● What this task involves:
Give an exact transcription limited to the lines from the one with "Πρωτοσέλιδο" through the end of the entries, including both; no pictures belong in it.

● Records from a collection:
== Segment start ==
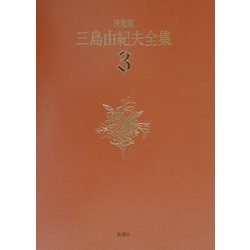 決定版 三島由紀夫全集〈3〉長編小説(3) [全集叢書]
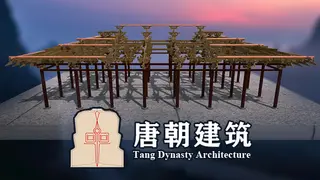 Tang Dynasty Architecture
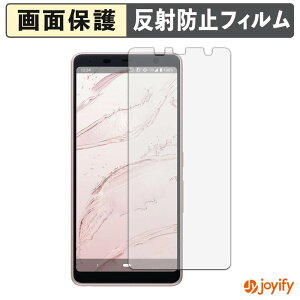 �y �A���`�O���A �z�t�B���� FCNT arrows Be3 F-02L �ی�t�B���� �A���`�O���A ���˖h�~ �ی� �w��h�~ ��ʕی� �R�� �t���ی�t�B���� �V�[�g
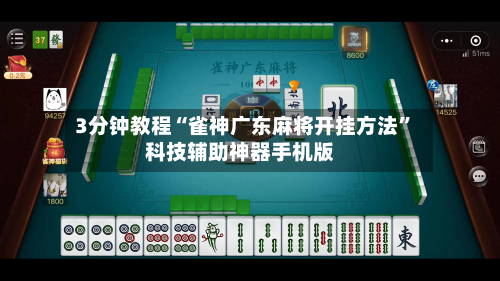 3分钟教程“雀神广东麻将开挂方法	”科技辅助神器手机版-第1张图片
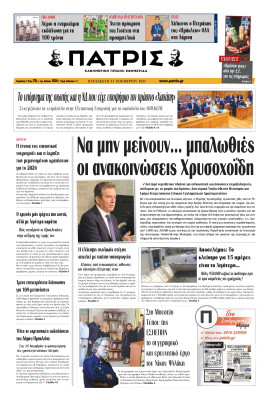 Πρωτοσέλιδο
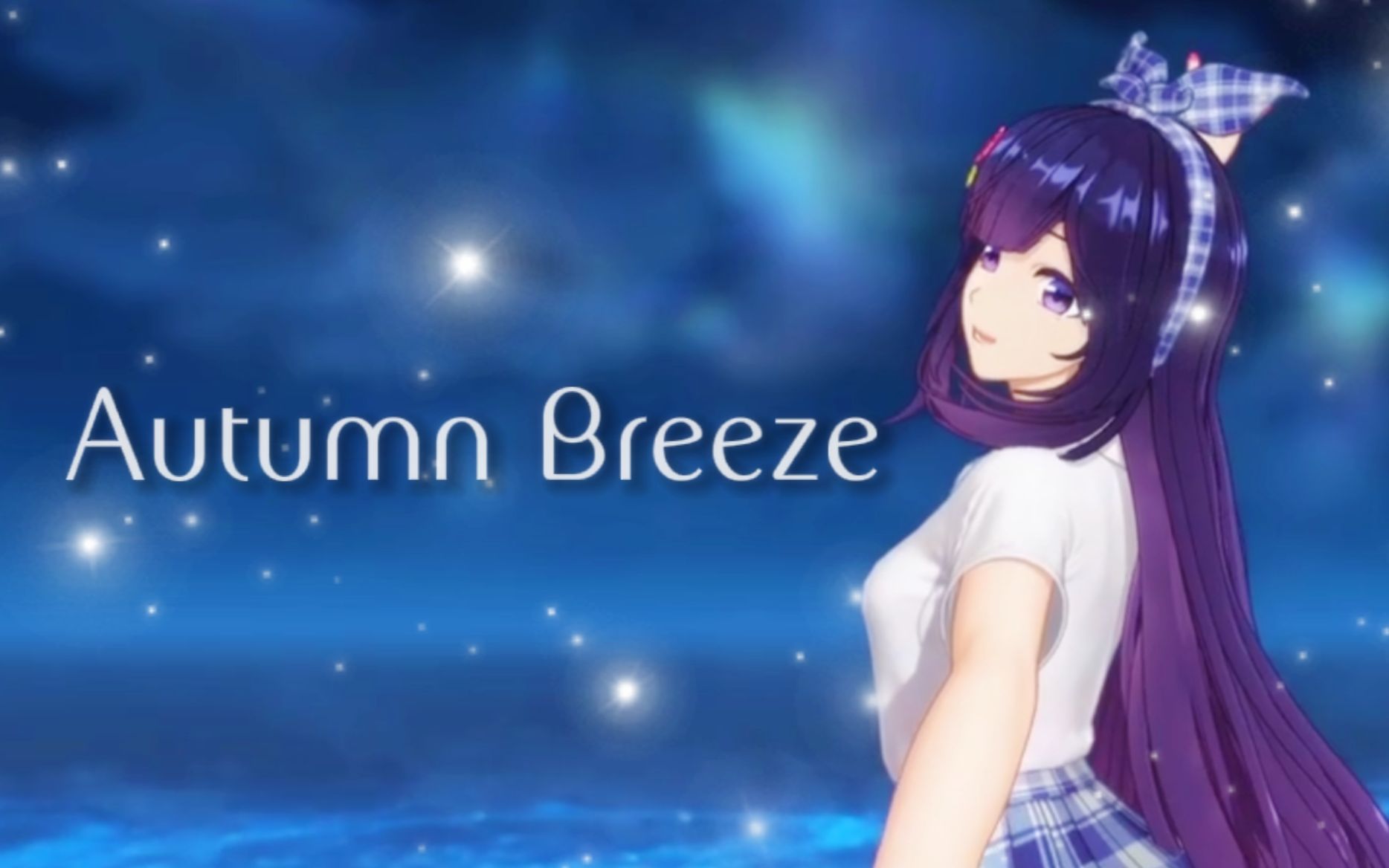 [图]【贝拉/歌曲】《Autumn Breeze》丨就像漫步于天际，那星光时隐时现✨✨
== Segment end ==
● The answer:
 Πρωτοσέλιδο
 [图]【贝拉/歌曲】《Autumn Breeze》丨就像漫步于天际，那星光时隐时现✨✨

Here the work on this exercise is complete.